Experiment with walking him before class to take the edge off. Don't over do it though. Too much exercise before class can make it worse -- think tired, cranky toddler syndrome!

Breathe. Relax. Remember that it gets better. Try not to hold a grudge. I promise your dog doesn't.

AND -- if the humping is too over the top, don't wait to neuter him. Plenty of dogs are neutered at 6 months (or even younger) without ill effects. I'm generally all for waiting UNLESS the behavior is too much of a challenge. If so, by all means, stack the deck in your favor as much as you can!

OH - and bring really, really, really good treats. Smart and Final sells pre cooked meatballs for really cheap. Those REALLY hold a dog's attention!


----------



## tennisball (Oct 14, 2009)

I adopted Rocky when he was 2 1/2 years old and started taking him to training when he was around 3. He had not been socialized at all and was an absolute monster in the class. He was so bad that people who were training search and rescue dogs would sign up for the class he was in just so their dog could be in a class with distractions.

After entering the room, he would bark at all the other dogs for ten minutes non stop, even though he had known them eight weeks. He'd hyperventilate the entire class and randomly bark/lunge after other dogs. I felt really embarrassed at first too, but at least we realize our dogs can be out of control and we're committed to training them. Some people have dogs that are little monsters and they're oblivious.

Just hang in there! Bring a variety of goody treats that he doesn't get often. The gentle leader definitely helps, or you could try a harness if you haven't already. Don't give up just yet!


----------



## Claire's Friend (Feb 26, 2007)

Great advice Steph !


----------



## AmberSunrise (Apr 1, 2009)

My King was so out of control I was kicked out of several classes .. embarassing ? yes. But, he went on to have a UD and was almost always in the ribbons in very competitive shows. And more importantly, he was a good dog.

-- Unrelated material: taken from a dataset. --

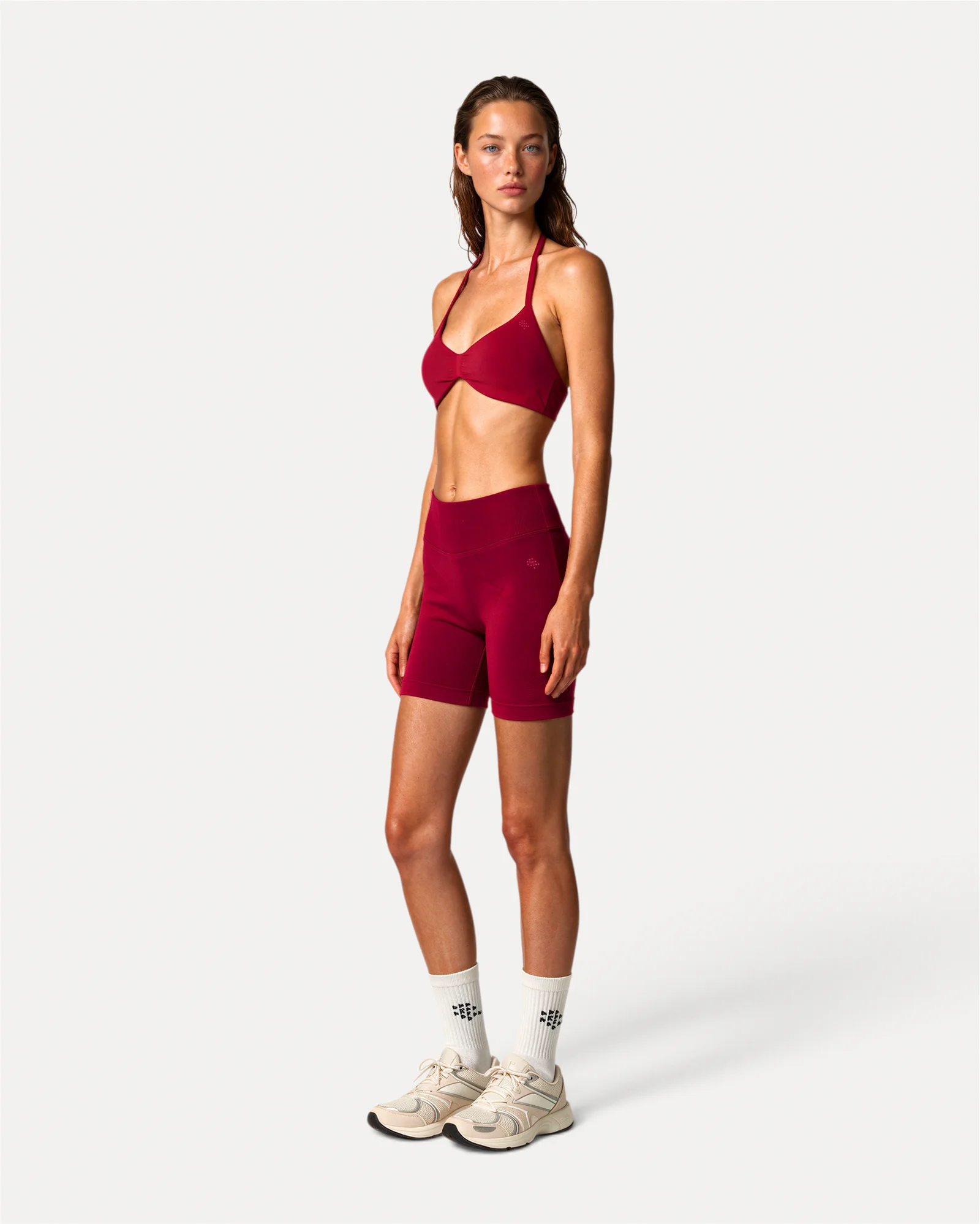 Front lifestyle view of crimson Realfit ruched bra for women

I agree with all the advice given and also highly suggest you up the treats - consider using really high value people food - meatballs, steak and/or chicken cooked with garlic, liver etc. I probably would not use toys at this point. If Teddy did fine for the first 20 minutes, perhaps next week give him a potty break at the 20 minute mark? More correctly a brain break LOL. It might relieve his stress a bit and he may have been so excited that he actually did need to go?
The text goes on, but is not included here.